Бронзовый бог
Долгие годы по крупице, помалу собирал он разные разности, иногда как будто совершенно ненужные. Шёл по жизни, приглядывался к вещам да накапливал. Где только не отыскивал наш педагог всевозможные вещицы для музея! Поначалу Иван Алексеевич задумывал его как уголок боевой славы: хотел размещать в нём подлинные документы времён войны, фотографии бойцов и героев, которые когда-то окончили нашу замечательную школу. Ивану Алексеевичу это удалось вполне, но когда задача была в основном выполнена, он, как любой творческий человек, вознамерился продолжить дело и шаг за шагом преобразил скромный красный уголок в серьёзный исторический музей. Мы, тогдашние школяры, получили возможность прикоснуться к истории вживую; а экспонаты были и вправду настолько интересны, что к нам раз или два в неделю приходили посетители, в том числе даже специалисты из академии наук и местного университета, чтобы на основе изучения того или иного раритета написать свои вожделенные диссертации.
Я тогда не очень-то понимал, что такое диссертация и для чего она так необходима этим с виду неглупым людям, однако уважал их за неуёмное рвение и очки в роговой оправе. Признаться, я втайне мечтал походить на этих учёных мужей, и вообще очень хотел быть причастным к делу науки, а значит, и нашего музея. Я то и дело вызывался подежурить в нём, а порой доходил до нахальства быть гидом. Вот почему, наверное, Иван Алексеич считал меня самым любимым из учеников, главным своим помощником. В моих устах звучит нескромно, однако факт.
Для размещения коллекции спервоначалу была отведена каморка в полуподвальном помещении, но затем – целая классная комната: экспонатов было уже много и становилось всё больше.
Мы очень гордились нашим музеем. Ещё бы!
Здесь было всё, что угодно душе юноши, познающего жизнь, и сердцу мемуариста. Экспонаты были разнообразны и порой диковинны. Ученики несли в него всякую всячину; учителя старались облагородить экспозицию старыми книгами и репродукциями великих живописцев; учёные – шефы из областного отделения академии наук – иногда отрывали от сердца и дарили нам каких-нибудь трилобитов или фрагменты глиняной посуды неведомых веков, а то, глядишь, и орудия труда пещерного человека вкупе с клыками саблезубого тигра.

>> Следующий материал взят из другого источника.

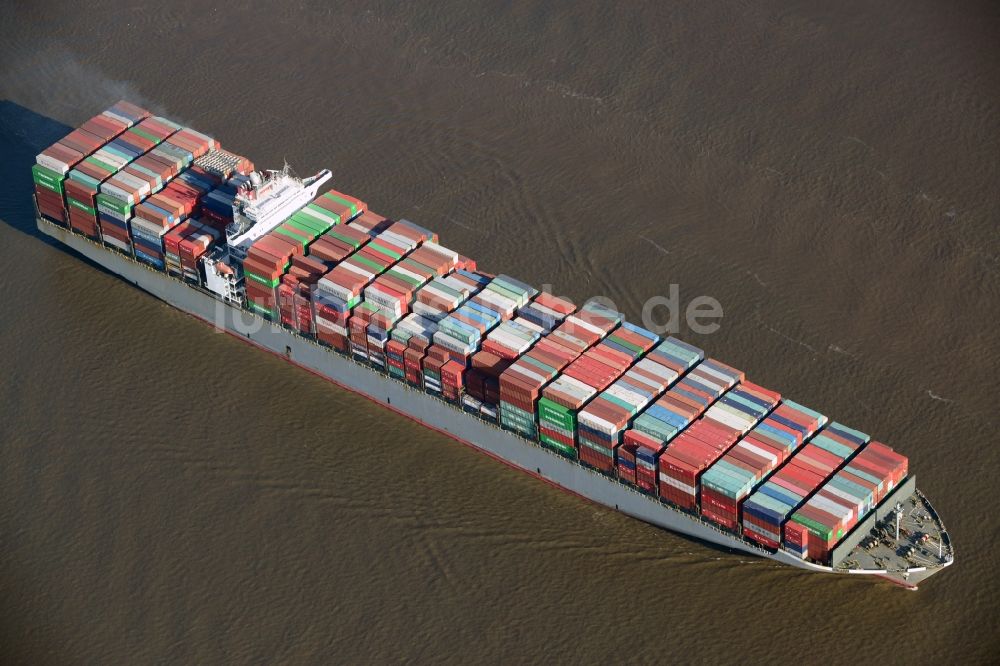 Luftaufnahme Hamburg - Containerschiff - Frachter HUMEN BRIDGE bei der Fahrt in den Hafenbereich auf dem Elbstrom in Hamburg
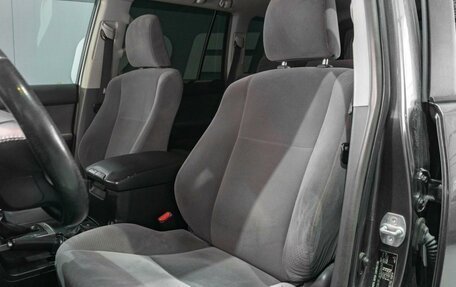 Toyota Land Cruiser Prado 150 рестайлинг 2, 2011 год, 2 449 000 рублей, 18 фотография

По стенам висели портреты великих мужей и жён всех времён и народов, а также выдающихся партийных и государственных деятелей нашей страны и области. На изящных столиках красовались исторические редкости, маленькие скульптурные изображения истуканов и полководцев. Были у нас и нэцке, и устрашающий эбеновый идол африканского племени Нуаруру, а также бронзовый бог, о котором никто не мог сказать ничего путного.

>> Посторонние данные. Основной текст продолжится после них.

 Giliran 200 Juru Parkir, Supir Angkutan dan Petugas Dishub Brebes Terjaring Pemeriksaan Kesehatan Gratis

История его появления в нашем маленьком музейчике была довольно необычной. Иван Алексеевич получил его в подарок от одного очень знаменитого индийца. Для учеников и посетителей учитель читал об этом человеке целые лекции на уроках или когда выступал в качестве экскурсовода. Иван Алексеевич даже менял тон своего голоса, придавал ему оттенок глубины и торжественности, словно провозглашая что-то бесконечно важное для будущих поколений.

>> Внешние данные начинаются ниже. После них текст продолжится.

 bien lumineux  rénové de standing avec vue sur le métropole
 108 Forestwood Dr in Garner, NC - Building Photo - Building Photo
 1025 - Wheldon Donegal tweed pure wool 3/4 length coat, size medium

– Хасан Шахид Сухраварди, – вещал учитель, – родился в семье мусульман. Учился в университете в Калькутте, потом в Англии, где изучал право и историю культуры. В 1916 году – внимание! – приехал в Россию для усовершенствования знаний в русском языке. Побывал не только в Петрограде, но даже в Крыму, а к концу семнадцатого года поселился в Москве. Работал в художественном театре, был членом коллегии режиссёров. И – преподавал английский язык в Московском университете. Причём был, между прочим, и литератором, основателем пакистанского Пен-клуба… В двадцатом году получил командировку в Грузию, уехал из Советской России и, увы, дальше неинтересно: жил в Европе, как все эти… А когда вернулся на родину, преподавал историю искусства в Калькуттском университете. Наконец, в пятьдесят четвёртом году назначен послом в Испании и Ватикане, потом в Марокко и Тунисе… Жив ли он теперь, не знаю, не ведаю… Но…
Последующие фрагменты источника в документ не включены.